Мисс Стайн стояла в дверях, с трудом переводя дух. Она где-то потеряла свой котелок и усы — наверное, на лестнице, — пока спускалась по ступенькам, и ее густые темные волосы рассыпались по плечам жакета.
Как только граф отвел рапиру в сторону, чтобы парировать удар зонтиком, я шагнул вперед. Рапирой можно колоть, но не рубить, ее лезвие заточено только на самом конце. Левой руной я схватился за клинок и, когда он раздраженно повернул голову ко мне, нанес ему мощный удар правой в нос.
Граф отлетел к стене, выпустив рапиру. Глянул на мисс Стайн и прорычал:
— Жидовская сука!
Я отбросил рапиру и хватил его еще два раза, пока он не рухнул как подкошенный.
— Мисс Стайн, — сказал я, — уезжайте отсюда. Возвращайтесь в Париж.
— Но…
— Пожалуйста, мисс Стайн. Обстановка того и гляди накалится до предела.
— Да-да, — проговорила она. — Удачи вам, Бомон.
— И вам, мисс Стайн. Спасибо за все.
Она кивнула, повернулась и исчезла за дверями. Я взглянул на мисс Обье.
— Где склеп?
Она посмотрела на графа, затем на меня.
— Идемте, — сказала она. Кинулась к двери, рванула ее, и мы вдвоем выбежали в дождливую ночь.
На каменной лестнице склепа было темно и пахло сыростью — и впрямь как в могиле. В правой руке я держал «кольт», а левой упирался в грубую сырую стену, чтобы знать, куда двигаюсь. Пока мы бежали под дождем, я успел промокнуть и продрогнуть насквозь.
Я пытался отправить мисс Обье домой, но она не захотела уйти и осталась ждать на верхней ступеньке.
Наконец я оказался на самом дне. Далеко впереди, метрах в пятнадцати или дальше, в огромной пустой темноте я разглядел тусклый огонек. Свеча.
Я осторожно, все еще держась за стену, двинулся вперед.
Мне показалось, что через час, хотя на самом деле прошло всего несколько минут, я наконец смог разглядеть сидящих людей. Мисс Тернер и Ледока.
Я был зрителем, они — действующими лицами. Стоя вне зыбкого кружка света, я оставался невидимым. Зато их я мог видеть хорошо.
Я мог их и слышать. Ледок говорил:
— Но я хочу, чтобы вы меня поняли, мадемуазель. — Голос звучал гулко. Склеп был довольно большой.
— Мне это совершенно ни к чему, — сказала мисс Тернер. Она явно сердилась. — Если вы собираетесь меня застрелить, не тяните, стреляйте. Только, пожалуйста, не надо оправдываться.
На мисс Тернер был костюм французской аристократки XVIII века. Желтые локоны огромного парика помпадур падали на ее обнаженные плечи.
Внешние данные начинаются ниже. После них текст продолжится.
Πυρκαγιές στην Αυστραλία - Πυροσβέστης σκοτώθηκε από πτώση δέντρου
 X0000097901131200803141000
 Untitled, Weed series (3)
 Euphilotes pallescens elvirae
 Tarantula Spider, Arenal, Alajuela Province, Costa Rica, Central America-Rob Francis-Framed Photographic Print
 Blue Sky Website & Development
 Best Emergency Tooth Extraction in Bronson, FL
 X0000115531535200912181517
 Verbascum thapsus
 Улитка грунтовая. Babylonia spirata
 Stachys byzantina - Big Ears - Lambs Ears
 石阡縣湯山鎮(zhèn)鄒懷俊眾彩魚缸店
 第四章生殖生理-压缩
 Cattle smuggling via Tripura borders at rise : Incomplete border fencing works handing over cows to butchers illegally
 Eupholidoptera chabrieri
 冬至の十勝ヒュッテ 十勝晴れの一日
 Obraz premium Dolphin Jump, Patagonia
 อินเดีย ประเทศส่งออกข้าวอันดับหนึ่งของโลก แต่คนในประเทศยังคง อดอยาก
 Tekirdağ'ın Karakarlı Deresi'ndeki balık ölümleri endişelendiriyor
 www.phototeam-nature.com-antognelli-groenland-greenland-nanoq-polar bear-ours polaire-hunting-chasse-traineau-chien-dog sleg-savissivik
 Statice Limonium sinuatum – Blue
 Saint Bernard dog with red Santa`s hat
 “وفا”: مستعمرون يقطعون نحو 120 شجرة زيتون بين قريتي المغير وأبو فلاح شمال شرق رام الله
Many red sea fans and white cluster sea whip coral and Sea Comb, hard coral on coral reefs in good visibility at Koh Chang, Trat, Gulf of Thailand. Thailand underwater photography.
Алое с золотом платье с большим вырезом плотно облегало верх и благодаря нижним юбкам расходилось от талии широкими складками. На коленях, где лежали ее руки, материал слегка разгладился. Очков на ней не было.
Ледок, в пальто Шерлока Холмса, сидел напротив нее на камне. Он был без шляпы и без маски. В руке держал пистолет, направленный на мисс Тернер.
Я немного приблизился, стараясь двигаться как можно тише.
— Мадемуазель, — сказал Ледок, — я человек чести.
— Чести?! — воскликнула мисс Тернер. — Разве честно было стрелять сегодня днем в Нила Форсайта? В беззащитного мальчишку? И вы называете это честью?
— Мне очень жаль, — сказал Ледок. — Но у меня не было… — Он замолк и наклонил голову.
Я застыл на месте.
Ледок улыбнулся мисс Тернер.
— Похоже, мадемуазель, что мы уже не одни. — Он вгляделся в темноту, напомнив мне актера, вглядывающегося в зрительный зал поверх огней рампы. — Это вы, mon ami? — Его пистолет все еще был нацелен на мисс Тернер.
— Да, Анри, это я, — сказал я.
Мисс Тернер начала вглядываться в темноту вслед за Ледоком.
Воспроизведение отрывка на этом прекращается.